So there is something I can do, besides scream like a woman?

Wesley ,'Chosen'


Natter 70: Hookers and Blow  

Off-topic discussion. Wanna talk about corsets, duct tape, or physics? This is the place. Detailed discussion of any current-season TV must be whitefonted.


Lee - Oct 27, 2012 10:42:23 am PDT #27249 of 30001
The feeling you get when your brain finally lets your heart get in its pants.

I went to Old Navy to see some of the dresses they have on sale and ended up buying several of them on the theory that I can dress them up for work with jewelry and shoes. Plus they are cheap. Now I am at the half price sushi place to eat a lot of sushi.


meara - Oct 27, 2012 11:11:47 am PDT #27250 of 30001

I did my 5K in the rain, and now my soaking shoes are hopefully drying, and I'm trying to work up the energy to get something else done.

...notably, it is no longer pouring outside. Grr.

Things I should do: clean my room, do laundry, decide what clothes to give to Goodwill. Clean the kitchen. Sew a dress.

Things I am doing: clearing off the TiVo.


Pix - Oct 27, 2012 11:18:12 am PDT #27251 of 30001
The status is NOT quo.

....And running a 5K in the rain!!! I think you've earned some down time. I'm ready for a nap, and I the most strenuous thing I've done today is get brunch.


Consuela - Oct 27, 2012 11:18:32 am PDT #27252 of 30001
We are Buffistas. This isn't our first apocalypse. -- Pix

I pay a literal stupidity tax almost every year because I forget to pay my property taxes. This year I remembered, and actually paid in advance. I need to set up calendar reminders.


erin_obscure - Oct 27, 2012 11:21:02 am PDT #27253 of 30001
Occasionally I’m callous and strange

After running a 5k, I think you have the rest of the weekend off for recuperation. Me, I'm at work and voting, simultaneously. Oregon is so civilized.


§ ita § - Oct 27, 2012 11:22:51 am PDT #27254 of 30001
Well not canonically, no, but this is transformative fiction.

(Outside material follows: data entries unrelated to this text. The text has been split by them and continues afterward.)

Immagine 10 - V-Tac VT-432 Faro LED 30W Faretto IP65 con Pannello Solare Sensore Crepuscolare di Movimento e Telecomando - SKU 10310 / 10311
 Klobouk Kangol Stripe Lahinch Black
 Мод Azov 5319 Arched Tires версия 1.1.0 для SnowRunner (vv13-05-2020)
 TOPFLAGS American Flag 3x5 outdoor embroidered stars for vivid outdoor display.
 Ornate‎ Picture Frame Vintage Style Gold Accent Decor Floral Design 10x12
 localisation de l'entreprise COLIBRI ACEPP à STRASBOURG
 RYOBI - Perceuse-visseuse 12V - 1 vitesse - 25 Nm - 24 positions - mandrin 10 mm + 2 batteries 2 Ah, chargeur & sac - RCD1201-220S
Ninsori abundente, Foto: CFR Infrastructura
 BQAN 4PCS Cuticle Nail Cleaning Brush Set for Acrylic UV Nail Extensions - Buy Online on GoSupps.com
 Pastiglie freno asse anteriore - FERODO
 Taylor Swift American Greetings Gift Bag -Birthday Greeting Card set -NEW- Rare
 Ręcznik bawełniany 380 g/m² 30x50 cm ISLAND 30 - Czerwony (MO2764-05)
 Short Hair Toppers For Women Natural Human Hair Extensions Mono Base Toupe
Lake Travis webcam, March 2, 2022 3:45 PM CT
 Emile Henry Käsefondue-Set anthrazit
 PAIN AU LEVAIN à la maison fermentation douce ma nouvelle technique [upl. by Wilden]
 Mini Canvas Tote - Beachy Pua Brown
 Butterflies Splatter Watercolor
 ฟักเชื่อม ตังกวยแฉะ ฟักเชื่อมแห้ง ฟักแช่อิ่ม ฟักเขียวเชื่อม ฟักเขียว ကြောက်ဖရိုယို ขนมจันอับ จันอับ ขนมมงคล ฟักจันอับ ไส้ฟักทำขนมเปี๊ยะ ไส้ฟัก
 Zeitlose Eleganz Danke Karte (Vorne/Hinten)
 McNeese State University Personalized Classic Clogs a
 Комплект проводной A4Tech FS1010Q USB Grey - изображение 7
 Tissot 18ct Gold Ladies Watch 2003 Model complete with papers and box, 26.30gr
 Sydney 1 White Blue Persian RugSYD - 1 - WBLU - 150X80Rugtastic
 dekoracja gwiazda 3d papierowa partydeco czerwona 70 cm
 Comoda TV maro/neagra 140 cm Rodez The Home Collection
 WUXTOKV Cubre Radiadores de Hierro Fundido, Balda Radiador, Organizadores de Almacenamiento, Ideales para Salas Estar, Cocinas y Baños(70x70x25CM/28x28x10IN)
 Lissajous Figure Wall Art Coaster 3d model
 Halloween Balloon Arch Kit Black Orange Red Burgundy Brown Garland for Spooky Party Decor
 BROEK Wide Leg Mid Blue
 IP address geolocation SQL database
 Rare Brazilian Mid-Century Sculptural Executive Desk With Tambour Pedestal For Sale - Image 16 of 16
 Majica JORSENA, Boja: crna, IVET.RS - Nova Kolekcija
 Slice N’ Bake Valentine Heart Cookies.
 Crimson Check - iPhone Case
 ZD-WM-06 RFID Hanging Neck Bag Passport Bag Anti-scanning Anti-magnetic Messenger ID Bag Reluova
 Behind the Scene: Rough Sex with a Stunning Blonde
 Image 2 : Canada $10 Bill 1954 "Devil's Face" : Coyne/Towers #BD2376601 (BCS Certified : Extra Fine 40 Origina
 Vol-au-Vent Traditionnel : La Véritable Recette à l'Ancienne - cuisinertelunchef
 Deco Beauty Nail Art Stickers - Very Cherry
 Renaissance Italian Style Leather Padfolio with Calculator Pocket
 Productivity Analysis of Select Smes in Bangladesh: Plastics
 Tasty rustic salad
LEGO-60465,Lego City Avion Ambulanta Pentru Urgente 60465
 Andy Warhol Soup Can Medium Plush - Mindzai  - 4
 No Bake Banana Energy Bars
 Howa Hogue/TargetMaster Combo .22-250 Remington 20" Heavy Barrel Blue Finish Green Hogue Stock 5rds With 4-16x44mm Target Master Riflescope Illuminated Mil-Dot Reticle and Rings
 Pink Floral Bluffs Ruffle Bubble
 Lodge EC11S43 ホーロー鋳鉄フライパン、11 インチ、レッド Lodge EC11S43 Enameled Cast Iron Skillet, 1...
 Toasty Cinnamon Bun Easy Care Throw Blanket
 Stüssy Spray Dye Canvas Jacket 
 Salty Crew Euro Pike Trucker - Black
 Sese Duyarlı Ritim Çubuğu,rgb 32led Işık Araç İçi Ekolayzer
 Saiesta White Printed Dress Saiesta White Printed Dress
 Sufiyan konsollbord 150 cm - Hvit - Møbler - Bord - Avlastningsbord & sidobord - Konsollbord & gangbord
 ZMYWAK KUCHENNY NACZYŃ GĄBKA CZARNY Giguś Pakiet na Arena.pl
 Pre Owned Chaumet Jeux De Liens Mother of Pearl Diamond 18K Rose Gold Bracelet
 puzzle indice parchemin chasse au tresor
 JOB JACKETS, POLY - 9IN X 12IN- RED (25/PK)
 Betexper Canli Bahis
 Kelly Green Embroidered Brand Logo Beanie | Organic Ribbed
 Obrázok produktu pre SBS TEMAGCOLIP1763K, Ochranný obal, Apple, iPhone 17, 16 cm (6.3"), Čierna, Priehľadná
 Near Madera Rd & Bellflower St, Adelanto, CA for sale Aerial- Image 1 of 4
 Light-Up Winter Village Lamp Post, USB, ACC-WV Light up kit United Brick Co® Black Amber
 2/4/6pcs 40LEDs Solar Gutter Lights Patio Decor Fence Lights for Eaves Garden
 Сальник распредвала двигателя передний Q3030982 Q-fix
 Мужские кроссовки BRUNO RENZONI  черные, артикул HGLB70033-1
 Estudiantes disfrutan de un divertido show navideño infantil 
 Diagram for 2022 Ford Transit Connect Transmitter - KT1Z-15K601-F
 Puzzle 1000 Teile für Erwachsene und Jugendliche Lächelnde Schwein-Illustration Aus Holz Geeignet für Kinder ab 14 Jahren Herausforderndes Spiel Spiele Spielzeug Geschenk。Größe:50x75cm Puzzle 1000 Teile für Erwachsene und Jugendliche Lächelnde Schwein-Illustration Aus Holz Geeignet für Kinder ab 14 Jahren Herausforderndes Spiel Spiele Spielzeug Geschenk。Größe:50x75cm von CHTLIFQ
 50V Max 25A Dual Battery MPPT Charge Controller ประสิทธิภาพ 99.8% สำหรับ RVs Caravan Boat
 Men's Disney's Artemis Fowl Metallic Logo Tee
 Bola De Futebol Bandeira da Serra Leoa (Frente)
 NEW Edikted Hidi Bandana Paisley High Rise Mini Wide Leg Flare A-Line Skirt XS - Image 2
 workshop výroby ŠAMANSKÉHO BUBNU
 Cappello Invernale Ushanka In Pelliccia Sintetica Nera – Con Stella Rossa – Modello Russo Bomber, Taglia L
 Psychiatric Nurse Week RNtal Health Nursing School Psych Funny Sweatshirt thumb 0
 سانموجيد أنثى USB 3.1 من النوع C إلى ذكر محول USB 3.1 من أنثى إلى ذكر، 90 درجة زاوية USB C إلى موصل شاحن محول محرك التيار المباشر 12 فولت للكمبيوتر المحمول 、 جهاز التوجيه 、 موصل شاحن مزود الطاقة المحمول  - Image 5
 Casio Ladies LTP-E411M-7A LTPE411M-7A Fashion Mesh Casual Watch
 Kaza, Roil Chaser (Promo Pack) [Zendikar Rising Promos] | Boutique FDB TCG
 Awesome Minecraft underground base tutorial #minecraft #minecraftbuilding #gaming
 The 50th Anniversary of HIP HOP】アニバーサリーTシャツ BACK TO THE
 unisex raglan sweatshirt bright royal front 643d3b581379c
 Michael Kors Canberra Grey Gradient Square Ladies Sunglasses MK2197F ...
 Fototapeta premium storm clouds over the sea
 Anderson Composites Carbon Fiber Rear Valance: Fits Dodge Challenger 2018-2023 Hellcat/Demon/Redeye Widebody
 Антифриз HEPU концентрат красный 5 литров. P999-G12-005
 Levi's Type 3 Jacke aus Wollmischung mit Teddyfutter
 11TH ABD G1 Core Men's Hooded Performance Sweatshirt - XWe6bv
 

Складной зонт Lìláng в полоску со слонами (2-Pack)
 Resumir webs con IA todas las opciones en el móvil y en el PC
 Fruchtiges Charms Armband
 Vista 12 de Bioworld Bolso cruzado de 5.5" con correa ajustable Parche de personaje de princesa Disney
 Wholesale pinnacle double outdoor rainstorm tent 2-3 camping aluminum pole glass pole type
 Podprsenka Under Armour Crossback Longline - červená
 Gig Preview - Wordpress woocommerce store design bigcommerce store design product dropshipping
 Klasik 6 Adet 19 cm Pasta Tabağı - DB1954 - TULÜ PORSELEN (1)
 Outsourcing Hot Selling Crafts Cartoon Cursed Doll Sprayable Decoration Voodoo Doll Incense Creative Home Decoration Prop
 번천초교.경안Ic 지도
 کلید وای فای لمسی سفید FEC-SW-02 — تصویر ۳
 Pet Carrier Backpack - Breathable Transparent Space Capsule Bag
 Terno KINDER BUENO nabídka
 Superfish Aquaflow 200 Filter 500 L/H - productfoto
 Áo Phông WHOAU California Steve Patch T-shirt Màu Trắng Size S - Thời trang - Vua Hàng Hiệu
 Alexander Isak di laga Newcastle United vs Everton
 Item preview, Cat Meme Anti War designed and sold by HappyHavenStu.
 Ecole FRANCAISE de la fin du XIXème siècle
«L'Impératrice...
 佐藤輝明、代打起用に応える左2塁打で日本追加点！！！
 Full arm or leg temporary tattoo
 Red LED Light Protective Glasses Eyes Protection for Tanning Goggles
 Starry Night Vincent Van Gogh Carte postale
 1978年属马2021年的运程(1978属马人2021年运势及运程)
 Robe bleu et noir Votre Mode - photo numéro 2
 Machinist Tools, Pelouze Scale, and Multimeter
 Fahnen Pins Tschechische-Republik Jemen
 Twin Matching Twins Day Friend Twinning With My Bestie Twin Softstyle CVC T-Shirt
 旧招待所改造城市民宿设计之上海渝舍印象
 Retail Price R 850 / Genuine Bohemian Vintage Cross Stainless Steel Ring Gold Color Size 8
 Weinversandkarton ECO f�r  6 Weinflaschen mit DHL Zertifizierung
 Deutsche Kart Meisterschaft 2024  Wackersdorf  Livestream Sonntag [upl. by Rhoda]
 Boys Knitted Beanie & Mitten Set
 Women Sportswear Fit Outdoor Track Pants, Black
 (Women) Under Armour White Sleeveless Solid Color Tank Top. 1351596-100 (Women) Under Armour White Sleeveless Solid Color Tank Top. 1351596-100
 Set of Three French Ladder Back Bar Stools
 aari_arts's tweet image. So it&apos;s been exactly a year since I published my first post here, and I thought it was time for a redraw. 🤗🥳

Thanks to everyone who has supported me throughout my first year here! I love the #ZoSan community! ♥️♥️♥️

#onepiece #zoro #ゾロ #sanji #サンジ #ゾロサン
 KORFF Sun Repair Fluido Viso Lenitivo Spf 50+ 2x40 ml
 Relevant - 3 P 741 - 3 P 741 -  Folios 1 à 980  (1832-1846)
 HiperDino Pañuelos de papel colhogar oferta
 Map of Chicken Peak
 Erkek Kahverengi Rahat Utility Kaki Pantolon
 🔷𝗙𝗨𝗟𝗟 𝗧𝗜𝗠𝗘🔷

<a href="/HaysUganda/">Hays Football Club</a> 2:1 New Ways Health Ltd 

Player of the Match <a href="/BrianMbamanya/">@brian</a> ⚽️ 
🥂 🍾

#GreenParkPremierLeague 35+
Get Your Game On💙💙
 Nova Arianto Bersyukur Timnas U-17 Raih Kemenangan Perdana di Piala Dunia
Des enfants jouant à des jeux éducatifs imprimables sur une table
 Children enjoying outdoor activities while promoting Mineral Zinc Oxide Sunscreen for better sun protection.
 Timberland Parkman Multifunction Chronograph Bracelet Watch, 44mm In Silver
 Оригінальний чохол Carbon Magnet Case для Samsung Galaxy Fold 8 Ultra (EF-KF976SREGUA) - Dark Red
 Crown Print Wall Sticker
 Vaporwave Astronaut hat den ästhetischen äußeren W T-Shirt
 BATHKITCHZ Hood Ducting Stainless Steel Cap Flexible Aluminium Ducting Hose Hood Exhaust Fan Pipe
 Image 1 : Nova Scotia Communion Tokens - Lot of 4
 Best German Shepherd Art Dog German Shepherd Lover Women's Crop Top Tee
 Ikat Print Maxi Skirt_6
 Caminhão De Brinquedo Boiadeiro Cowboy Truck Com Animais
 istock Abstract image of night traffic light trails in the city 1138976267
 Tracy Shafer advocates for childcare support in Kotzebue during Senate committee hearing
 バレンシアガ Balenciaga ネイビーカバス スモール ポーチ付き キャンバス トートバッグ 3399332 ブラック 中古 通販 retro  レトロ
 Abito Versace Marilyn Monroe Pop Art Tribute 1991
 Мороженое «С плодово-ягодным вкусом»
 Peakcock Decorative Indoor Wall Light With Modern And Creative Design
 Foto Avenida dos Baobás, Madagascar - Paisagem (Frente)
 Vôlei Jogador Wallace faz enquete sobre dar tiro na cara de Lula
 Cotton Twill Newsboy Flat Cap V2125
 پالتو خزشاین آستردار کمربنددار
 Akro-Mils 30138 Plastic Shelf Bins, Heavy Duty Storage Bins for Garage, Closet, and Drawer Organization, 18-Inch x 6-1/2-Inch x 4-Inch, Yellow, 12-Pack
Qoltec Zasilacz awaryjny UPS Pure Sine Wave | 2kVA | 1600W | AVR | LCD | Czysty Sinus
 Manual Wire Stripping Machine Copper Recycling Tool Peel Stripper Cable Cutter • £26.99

a) Denton hates stars and thinks they ruin a community
b) These stars 1) don't exist and 2) confer no magical powers

Just so's you're up to date.

I didn't know that when the storms ran past zed they started on the Greek alphabet, instead of going back to A and starting again: [link] (and the speech in the typewriter font is actually quoted).


Jesse - Oct 27, 2012 11:29:04 am PDT #27255 of 30001
Sometimes I trip on how happy we could be.

a) Denton hates stars and thinks they ruin a community

Oh, huh. I have no idea what goes on there.

Yeah, meara, I'm pretty sure a 5K is enough of an accomplishment!

I did clean the toilet and sink in my bathroom, which is something, if not technically "cleaning the bathroom."


flea - Oct 27, 2012 11:29:12 am PDT #27256 of 30001
information libertarian

I have long thought that NOAA hurricane staffers rival NASA Mars staffers for amusingness. Who says federal employees are boring?!


Steph L. - Oct 27, 2012 11:31:17 am PDT #27257 of 30001
I look more rad than Lutheranism

I did clean the toilet and sink in my bathroom, which is something, if not technically "cleaning the bathroom."

You were cleaning IN the bathroom, which, frankly, IS cleaning the bathroom.

(Please, give me that justification for my own slackitude.)


Calli - Oct 27, 2012 11:35:57 am PDT #27258 of 30001
I must obey the inscrutable exhortations of my soul—Calvin and Hobbs

I'm slightly past the edge of Sandy, so everything's gray and windy. I did my voter greeting and education shift, picked up some groceries, walked the cat, and now I'm planning on spending the rest of the day reading fic.

Funny polling place story: I live in a wee patch of intense lefty liberalism. But the Republicans are game--they set up a greeting and info table next to ours. The Democratic table sees a lot more traffic, and the Republicans were getting grumpy this morning. I stood a ways away at a side stairway to catch voters coming from that direction and one of the Republicans followed me down. Now I figure that anyone approaching the polls at this stage has already made up their mind and I'm just there to remind them of the ballot's oddities and give them our cheat sheet for county dog catcher-type races. So after an unreciprocated, "Hi, how ya doin?" with my counterpart, our first voter approached. I greeted her and said, "Would you like some voter information from the Democrats? Or the lady next to me has the Republican voting sheet if you'd prefer."

The voter took my handout and went to vote. But the Republican volunteer looked at me like I'd grown a silver unicorn horn from my forehead. Her mouth opened a couple of times, but no sound came out. She turned around and went back to the main Republican table.

Hours later, as my shift ended and I was heading out, she complemented my scarf.